WHAT IS BEING ASKED →
Your answer should consist only of the lines from the line containing "pref_lib_tsubame_coffee_0311" through the last line below, each repeated exactly.

[GIVEN MATERIAL Boundary: Start]

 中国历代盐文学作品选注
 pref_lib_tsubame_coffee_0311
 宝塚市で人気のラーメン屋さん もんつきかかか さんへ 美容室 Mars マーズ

[GIVEN MATERIAL Boundary: End]

SOLUTION BELOW →
 pref_lib_tsubame_coffee_0311
 宝塚市で人気のラーメン屋さん もんつきかかか さんへ 美容室 Mars マーズ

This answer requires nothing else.